What you have to do:
Look in the listing below for the line that has "ni Ashanti Ra", then return it and each following line up to and including the one with "Smart TV, libri, impianto stereo", exactly and without pictures.

The records:
• • • •
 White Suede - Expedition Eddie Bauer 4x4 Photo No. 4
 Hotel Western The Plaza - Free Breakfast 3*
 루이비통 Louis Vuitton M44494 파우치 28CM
• • • •
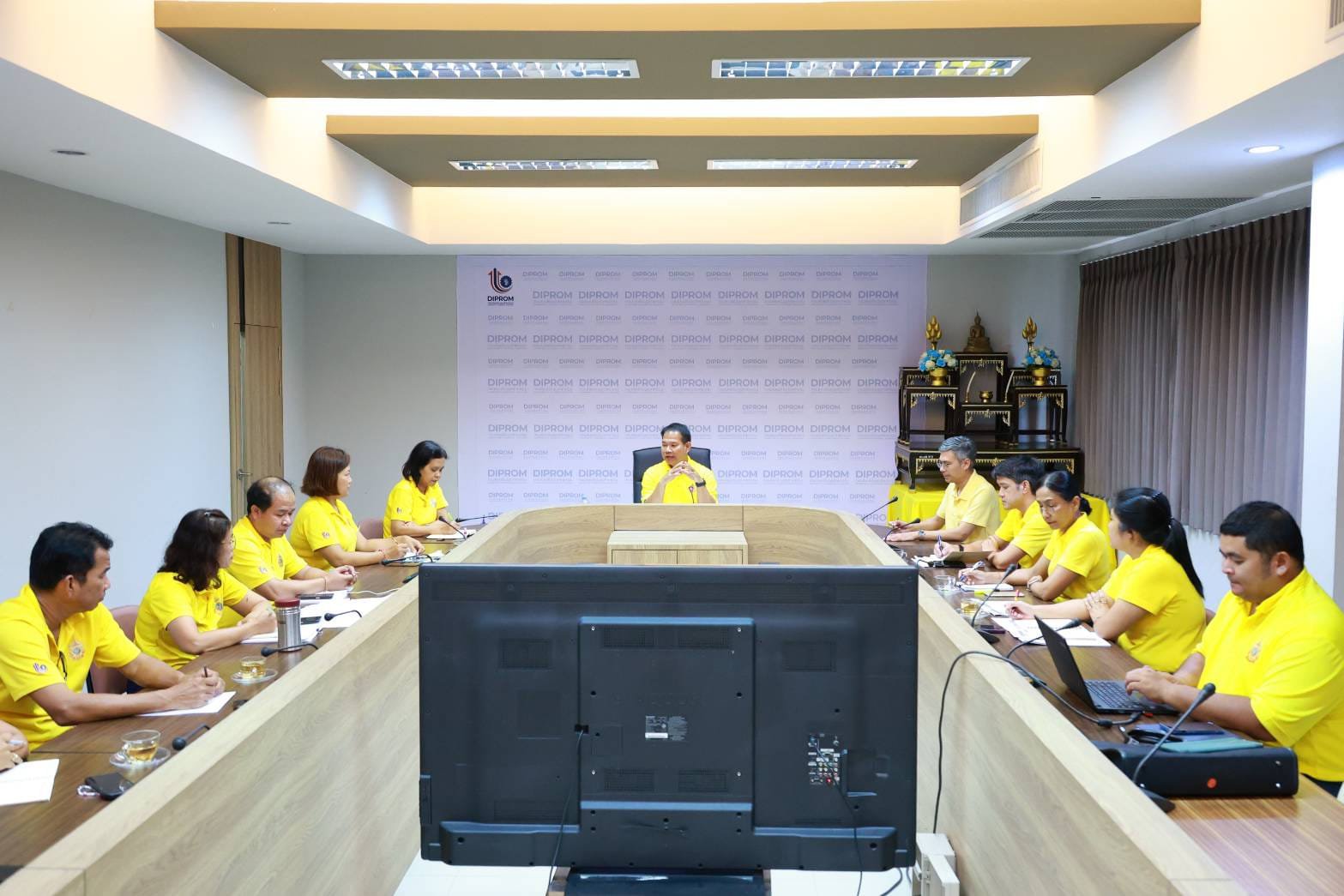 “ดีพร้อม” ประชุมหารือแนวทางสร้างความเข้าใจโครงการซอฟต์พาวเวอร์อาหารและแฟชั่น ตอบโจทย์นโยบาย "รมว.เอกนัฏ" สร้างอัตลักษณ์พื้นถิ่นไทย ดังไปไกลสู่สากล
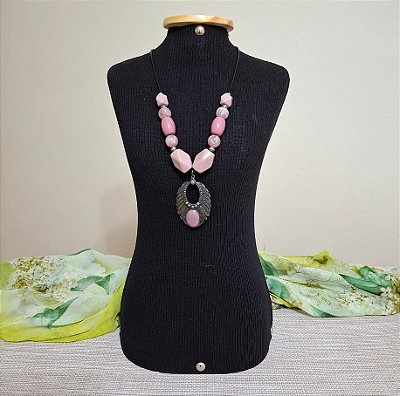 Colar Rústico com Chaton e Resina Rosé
• • • •
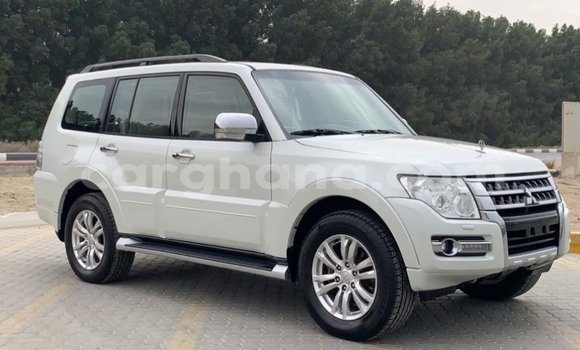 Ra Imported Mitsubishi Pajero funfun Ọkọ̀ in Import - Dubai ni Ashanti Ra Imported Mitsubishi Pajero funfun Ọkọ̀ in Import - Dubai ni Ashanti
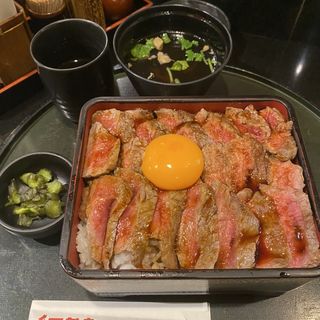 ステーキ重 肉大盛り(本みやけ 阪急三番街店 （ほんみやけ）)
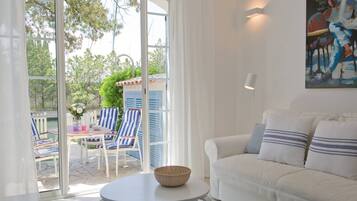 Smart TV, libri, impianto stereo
• • • •
Reply:
 Ra Imported Mitsubishi Pajero funfun Ọkọ̀ in Import - Dubai ni Ashanti Ra Imported Mitsubishi Pajero funfun Ọkọ̀ in Import - Dubai ni Ashanti
 ステーキ重 肉大盛り(本みやけ 阪急三番街店 （ほんみやけ）)
 Smart TV, libri, impianto stereo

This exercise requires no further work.